Of course, in practice we wouldn’t deliberately put these NOINLINEs in our code just to make it inefficient. Instead, the inlining or specialization will fail to happen because the function is too big and/or resides in a different module, or for some other reason.

Arities

Arities provide an important perspective on the two-phase computation issue. The arity of then is 1: it is just a record selector. The arity of thenIO is 3: it takes the two monadic values and the RealWorld state token.

Arities influence what happens at runtime, as can be seen from the STG reduction rules.
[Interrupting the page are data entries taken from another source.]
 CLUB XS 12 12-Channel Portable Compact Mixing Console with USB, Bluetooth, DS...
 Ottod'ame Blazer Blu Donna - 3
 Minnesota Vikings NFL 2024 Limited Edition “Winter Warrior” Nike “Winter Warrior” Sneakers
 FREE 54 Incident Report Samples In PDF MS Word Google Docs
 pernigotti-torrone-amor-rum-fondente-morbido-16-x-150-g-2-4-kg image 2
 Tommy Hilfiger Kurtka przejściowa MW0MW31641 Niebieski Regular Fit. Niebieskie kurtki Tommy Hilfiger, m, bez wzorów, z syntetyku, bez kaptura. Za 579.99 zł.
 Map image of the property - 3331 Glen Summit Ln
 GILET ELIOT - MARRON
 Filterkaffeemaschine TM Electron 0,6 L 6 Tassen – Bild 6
Because thenIO has arity 3, a partial application is created for thenIO ret_thunk poll_poll_thunk. Let’s change the arity of thenIO to 2, so that no PAPs get created:

thenIO = FUN(m k ->
  case m realWorld of {
    (# new_s, result #) -> k
  }
);

(this is similar to how unsafePerformIO works). Now we no longer have PAPs, but our heap is filled with the same exact number of BLACKHOLEs.
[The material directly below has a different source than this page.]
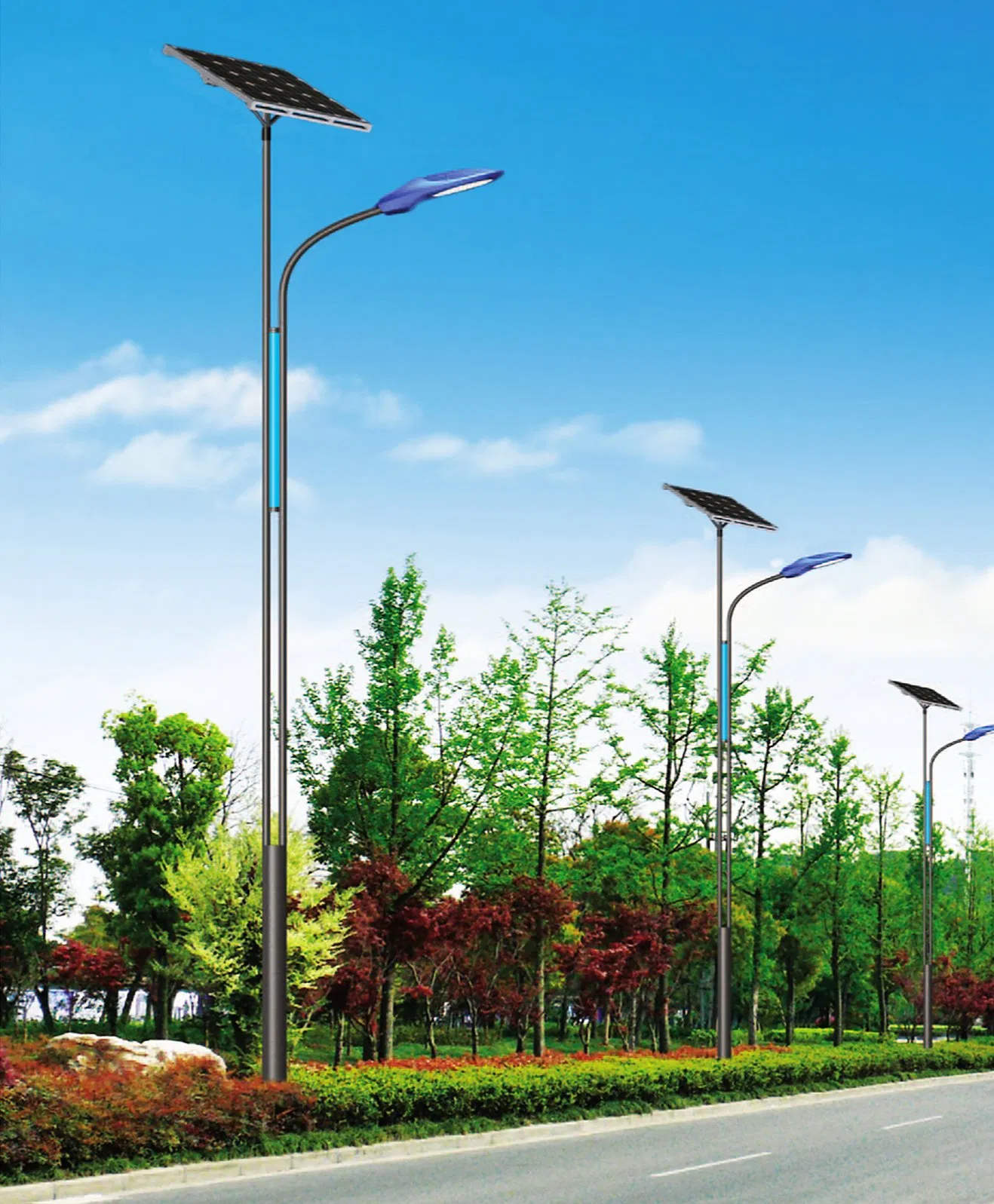 Durable Chinese Solar LED Street Lighting Solutions for Cities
More importantly, arities also influence what happens during compile time: what shape the generated STG code has. Because then has arity 1, ghc decides to create a chain of thens before passing the RealWorld token. Let’s change (“eta-expand”) the poll code as if then had arity 4, without actually changing then or thenIO or their runtime arities:

# added a dummy argument s
poll = FUN(monad s ->
  let {
    ret_thunk = THUNK(return monad unit);
    poll_poll_thunk = THUNK(poll monad);
  }
  in then monad ret_thunk poll_poll_thunk s
);
# no change in then or thenIO
then = FUN(monad ->
  case monad of {
    Monad return then -> then
  }
);
thenIO = FUN(m k s ->
  case m s of {
    (# new_s, result #) -> k new_s
  }
);

This code now runs in constant memory!

Therefore, what inlining/specialization does is that it lets the compiler to see the true arity of a function such as then. (Of course, it would also allow the compiler to replace then with thenIO.)

Conclusions

Let me tell you how you can avoid any such space leaks in your code by following a simple rule:

I don’t know.

In some cases, -fno-full-laziness or -fno-state-hack help. In this case, they don’t.

In 2012, I wrote why reasoning about space usage in Haskell is hard. I don’t think anything has changed since then. It is a hard problem to solve. I filed a ghc bug #13080 just in case the ghc developers might figure out a way how to address this particular issue.

Most of the time everything works great, but once in a while you stumble upon something like this. Such is life.

Thanks to Reid Barton for pointing out that my original theory regarding this leak was incomplete at best.